The Real Reason Venom Soared While Morbius, Madame Web, and Kraven the Hunter Flopped
Sony bet on a Spider-Man-free universe — and paid the price. Venom broke out, but Morbius, Madame Web, and Kraven the Hunter face-planted; we unpack what worked, what didn’t, and why the plan fell apart.
Sony tried to spin up a Marvel-style universe out of Spider-Man villains without, you know, Spider-Man. That went about as well as you remember: Morbius, Madame Web, and Kraven the Hunter faceplanted with critics and at the box office. In the middle of that chaos, one thing actually worked: Venom. Critics rolled their eyes, audiences bought tickets, and the trilogy quietly hauled in $1.8 billion worldwide. So why did Venom connect when the others crashed?
The Playlist put that question to Ruben Fleischer, who directed the first Venom. He was careful not to Monday-morning-quarterback the other movies — he says he has not seen all of them — but he did lay out why Venom clicked for him: it is funny, it does not take itself too seriously, and it leans into the absurdity of a journalist sharing headspace with a hungry alien.

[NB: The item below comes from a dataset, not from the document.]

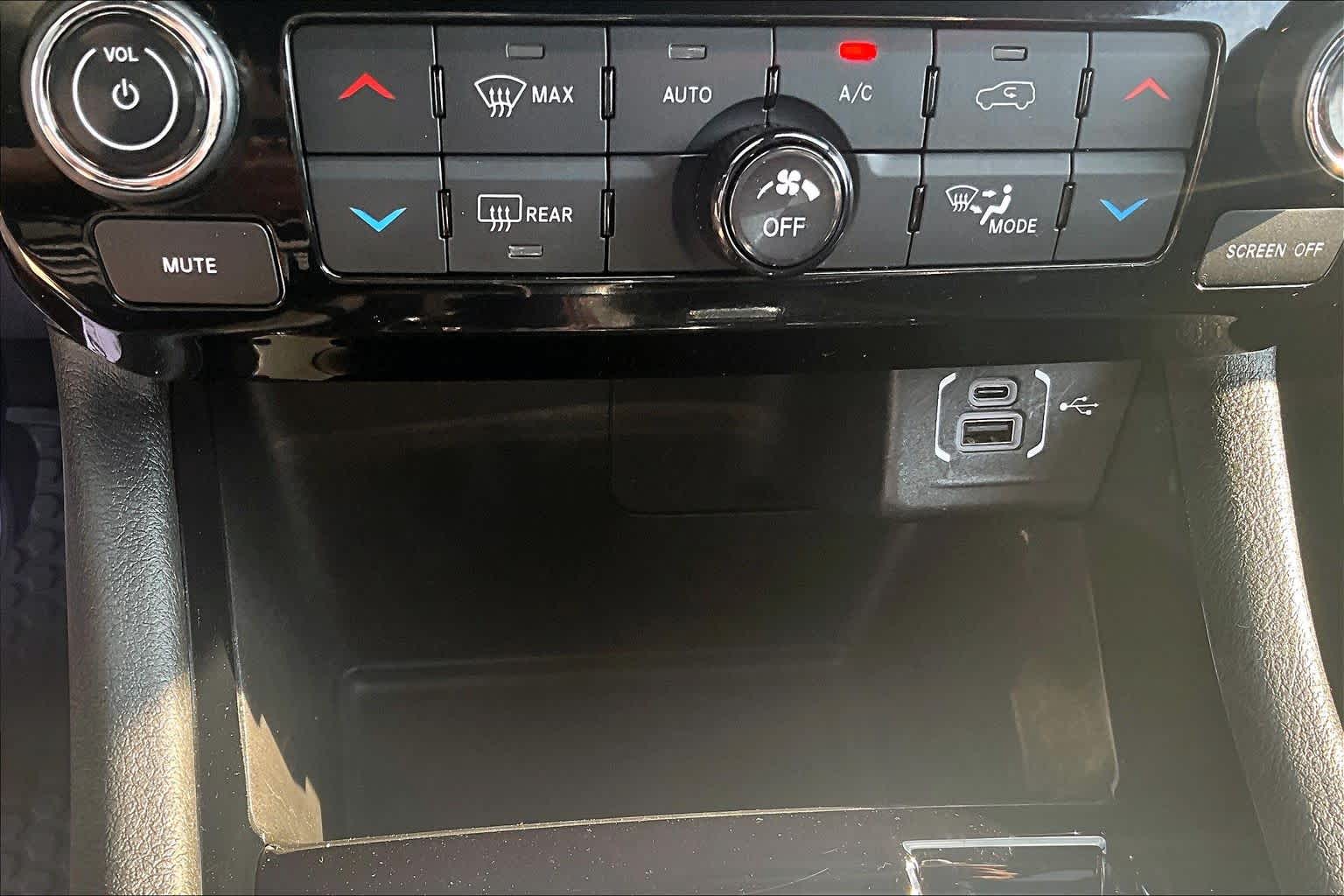 2025 Jeep Compass Trailhawk Bright White Clearcoat at James Chevrolet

'People love Venom because he is funny. It does not take itself too seriously. It is kind of a ridiculous premise that you have an alien living inside you and sharing space with you.'
Fleischer said he leaned into a specific tonal lane that is not the usual superhero playbook. His touchstones were 'All of Me' (yes, the Steve Martin/Lily Tomlin body-sharing comedy) and 'An American Werewolf in London.' Both are genre pieces with a mischievous sense of humor baked in. That mix let Venom look and feel darker than most capes-and-cowls stuff while still being genuinely funny — and Tom Hardy ran with it. According to Fleischer, Hardy nailed the odd-couple chaos, and the combined charisma of Hardy and the character itself did a lot of the heavy lifting with audiences.
There was another, very real hurdle: Sony could not use Spider-Man. That forced Fleischer and the team to build a Venom who was not defined by Peter Parker. As he remembers it, that was the point from the start — keep Venom distinct, maybe leave the door open to cross paths one day, but do not hang the whole thing on a hero they did not have.
- Why Venom worked, per Fleischer: a knowingly ridiculous premise played for dark comedy; tonal inspiration from 'All of Me' and 'An American Werewolf in London'; a character who looks mean but cracks jokes; Tom Hardy’s full-send performance; and a story that stands on its own without Spider-Man, even while acknowledging a crossover could happen down the line.
Compare that to Sony’s other Spider-villain swings — characters with less built-in mainstream love, movies that treated bonkers concepts with a straight face, and none of Hardy’s go-for-broke energy — and it is not shocking why audiences chose one over the others. Venom did not chase prestige; it embraced the weird and gave people a good time. The others? The results speak for themselves.